Excellent questions, Anish. You're actually spot on. So either we've been extremely good in explaining this, which I don't think, or you're quite clever. When it comes to the discussion around technology, I think you're absolutely right. It's actually quite hard to deploy modern technology on, let's say, 20+ year installations. And the reason is not the age itself, it's the underlying systems that retain and transport data on these facilities. They require. They're usually built on spec, they're usually one-off, they're not necessarily industry standards, et cetera, et cetera, and it requires quite a bit of time and money to liberate the data and be able to put modern technology like machine learning, artificial intelligence, GenAI, to work on those platforms. So you're absolutely right. Do that mean that we're not necessarily looking at mid-life or late life?

Well, I think I've been pretty clear that Aker BP is not a late-life company, per se. That is not where we believe that we have a competitive edge. We are running a project at Ula, trying to see what we can—what can be done when you deploy technology, competence, and cost focus on a late life asset. The jury is still out, but the Ula team is very enthusiastic and actually making great improvements... On mid-life change around, I think that's actually still our sweet spot. There are more modern systems. It takes less to liberate data and deploy modern technology, and there are a lot more upsides to be held in terms of drilling infill wells or intervention or these other, I would say, key initiatives or key investments.

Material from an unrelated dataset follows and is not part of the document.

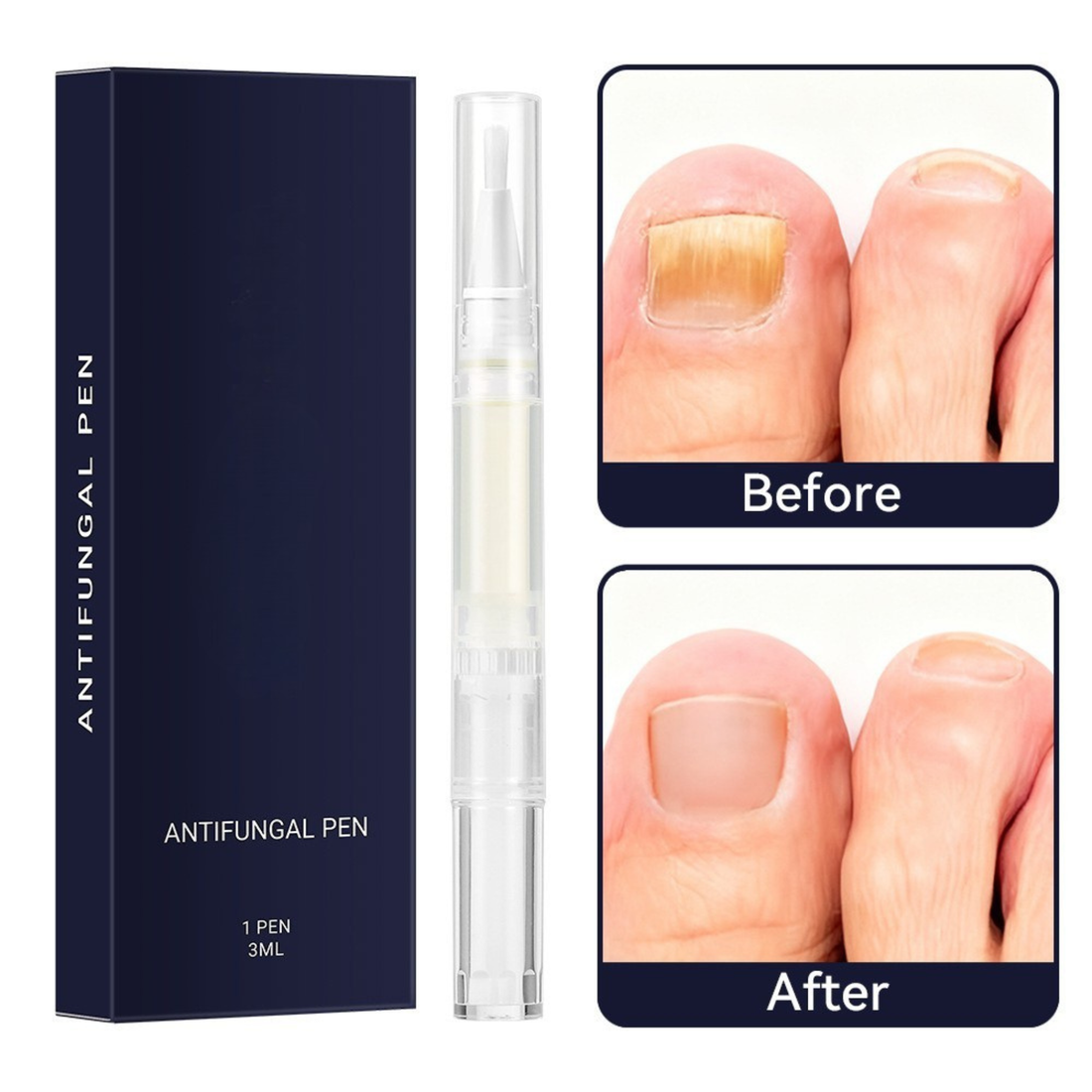 PUREFIX Deep Renewal Antifungal Treatment Pen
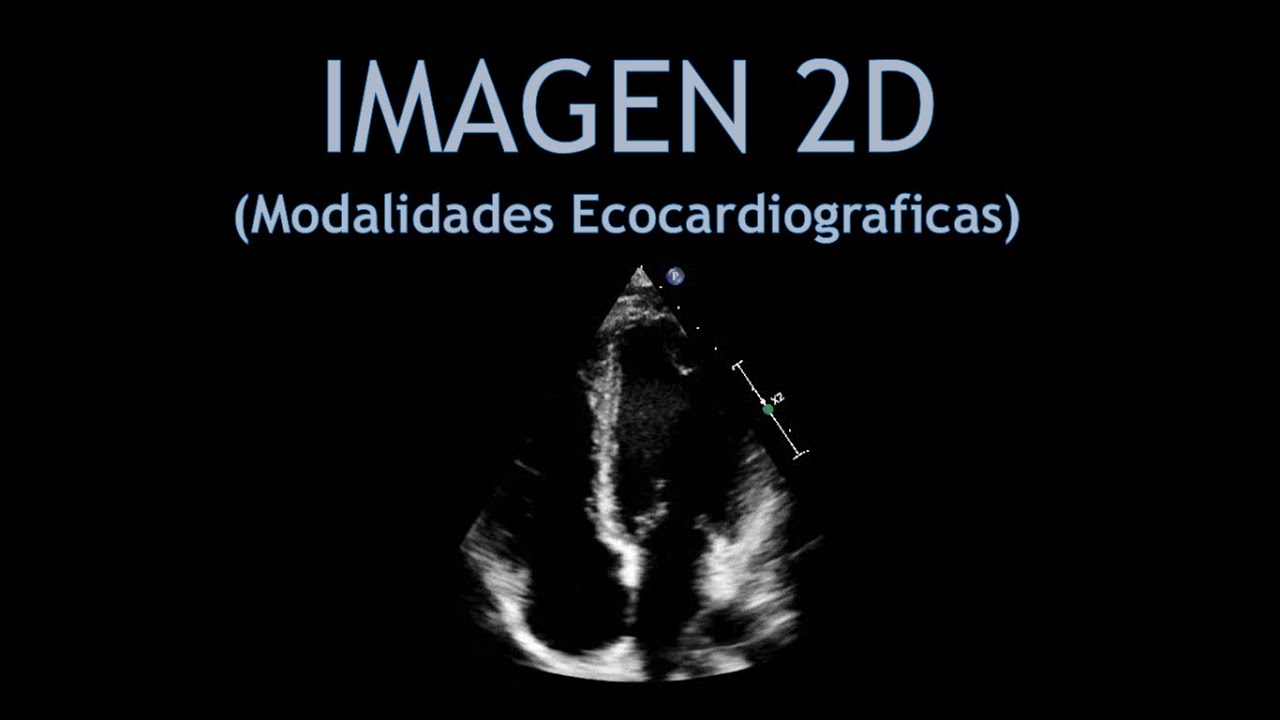 2D ECO + Optimizacion de las imagenes! (Ecocardiografia)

It's essentially there where we have the biggest value outtake as well. So in a way, I would say that our technology deployment is focusing on where we have the biggest competitive edge. If you transfer that to M&A, I doubt that you'll see Aker BP going after late life assets. I don't really see that fitting our strategy. Quite the opposite, I see this fitting with the existing strategy we have of field development, exploration, and mid-life asset turnarounds. So you can from that, you can infer that late-life portfolios is not necessarily where we'll focus on an M&A strategy. Then your discussion around technology deployment into continental shelves like UKCS, or GOM, it's not necessarily. Yeah, I think the technology deployment strategy would work as well as it would in Norway.

That's not what it's about. It's not about our knowledge base of subsurface, which I think we are actually pretty capable of, but it's about our focus. It's about this triangle between, understanding regulatory framework, working within an ecosystem that we have established now with the alliances for a number of years, and then being focused on something. And focus is extremely important to a company like Aker BP. We've stayed focused, we've stayed close to our strategies in 2016, and that is the reason I intend to stay focused on the Norwegian Continental Shelf also going forward.

Anish Kapadia
Director, Head of Energy, Palissy Advisors

Great. Thank you.

Kjetil Bakken
VP of Investor Relations, Aker BP

Thank you. There seems to be no further questions, so maybe you would like to wrap it up, Karl?

Karl Johnny Hersvik
CEO, Aker BP

Yeah, sure. I'll do this short and sweet. So thank you, guys, for listening in. And thank you for all the positive comments. That's highly appreciated. And with that, I'll just close the Q4 presentation and full year 2023. Wish you a good day, and welcome back in a quarter.